### RECORDS FOR THE TASK
####

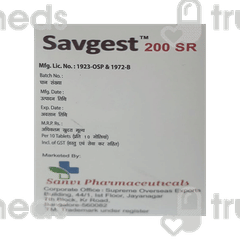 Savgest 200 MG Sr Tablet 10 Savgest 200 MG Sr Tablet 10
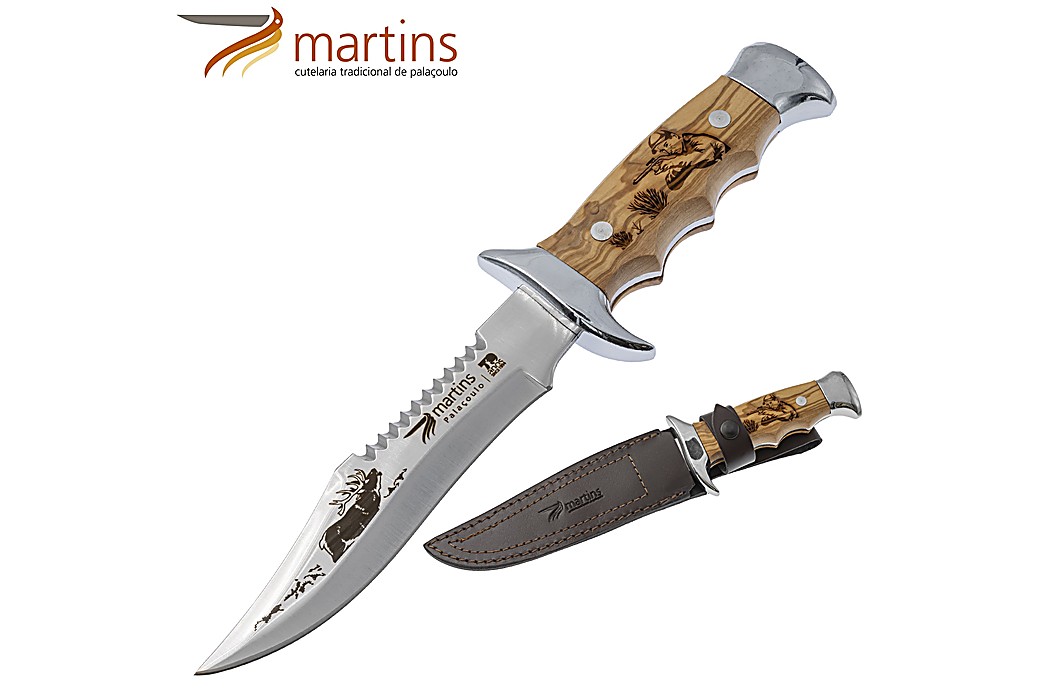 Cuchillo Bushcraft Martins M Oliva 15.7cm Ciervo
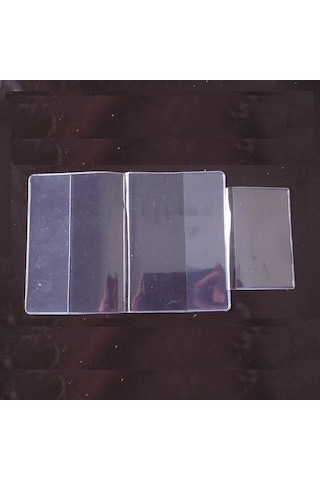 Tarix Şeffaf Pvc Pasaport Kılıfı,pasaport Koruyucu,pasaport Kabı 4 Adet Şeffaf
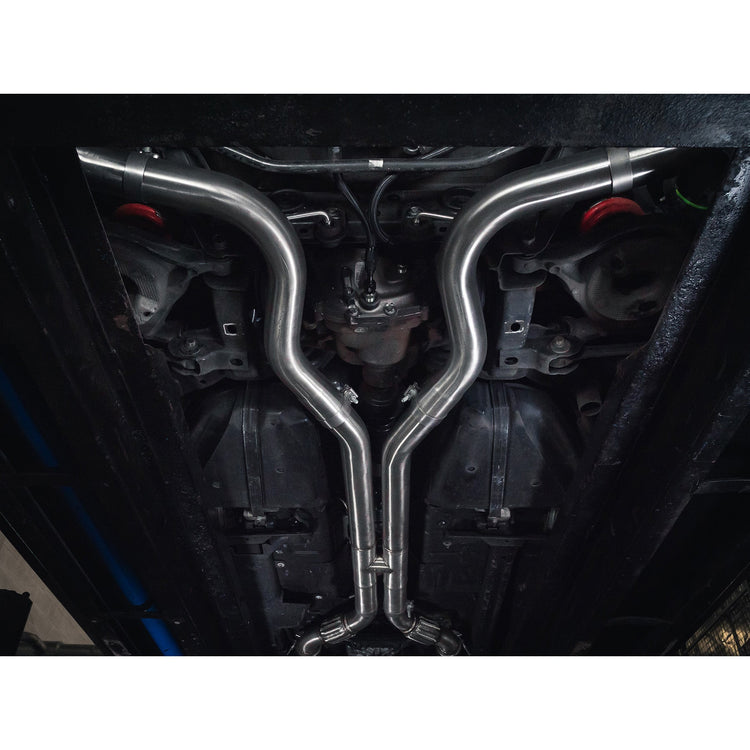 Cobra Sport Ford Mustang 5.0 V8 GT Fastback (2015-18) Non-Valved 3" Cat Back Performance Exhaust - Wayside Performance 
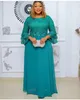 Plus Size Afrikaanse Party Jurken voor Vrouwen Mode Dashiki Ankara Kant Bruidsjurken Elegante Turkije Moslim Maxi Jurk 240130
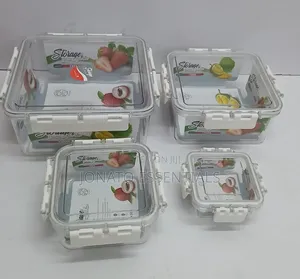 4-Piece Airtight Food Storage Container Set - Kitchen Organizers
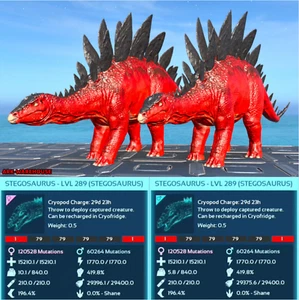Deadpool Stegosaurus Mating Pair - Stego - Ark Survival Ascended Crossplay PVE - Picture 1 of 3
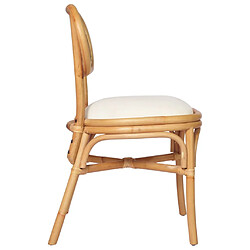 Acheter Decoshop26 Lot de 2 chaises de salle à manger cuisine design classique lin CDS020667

####

### YOUR TASK
Please produce an exact copy of the listing, omitting the pictures.

### RESPONSE BOX
 Savgest 200 MG Sr Tablet 10 Savgest 200 MG Sr Tablet 10
 Cuchillo Bushcraft Martins M Oliva 15.7cm Ciervo
 Tarix Şeffaf Pvc Pasaport Kılıfı,pasaport Koruyucu,pasaport Kabı 4 Adet Şeffaf
 Cobra Sport Ford Mustang 5.0 V8 GT Fastback (2015-18) Non-Valved 3" Cat Back Performance Exhaust - Wayside Performance 
 Plus Size Afrikaanse Party Jurken voor Vrouwen Mode Dashiki Ankara Kant Bruidsjurken Elegante Turkije Moslim Maxi Jurk 240130
 4-Piece Airtight Food Storage Container Set - Kitchen Organizers
Deadpool Stegosaurus Mating Pair - Stego - Ark Survival Ascended Crossplay PVE - Picture 1 of 3
 Acheter Decoshop26 Lot de 2 chaises de salle à manger cuisine design classique lin CDS020667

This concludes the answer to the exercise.